## Problem to work on
Of the lines in the data below, write out exactly those from the one holding "El sorprendente caso" through the one holding "দেশে ডেঙ্গুতে ৩", both included.

## Data for analysis
■ ■ ■ ■ ■ ■ ■

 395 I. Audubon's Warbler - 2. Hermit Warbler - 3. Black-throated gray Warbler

■ ■ ■ ■ ■ ■ ■

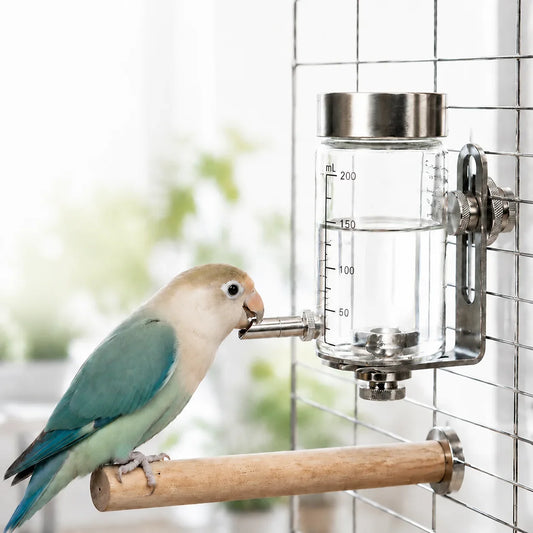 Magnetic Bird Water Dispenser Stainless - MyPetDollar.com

■ ■ ■ ■ ■ ■ ■

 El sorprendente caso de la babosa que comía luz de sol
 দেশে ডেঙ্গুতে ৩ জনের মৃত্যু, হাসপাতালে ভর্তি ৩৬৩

■ ■ ■ ■ ■ ■ ■

## Solution for this exercise
 El sorprendente caso de la babosa que comía luz de sol
 দেশে ডেঙ্গুতে ৩ জনের মৃত্যু, হাসপাতালে ভর্তি ৩৬৩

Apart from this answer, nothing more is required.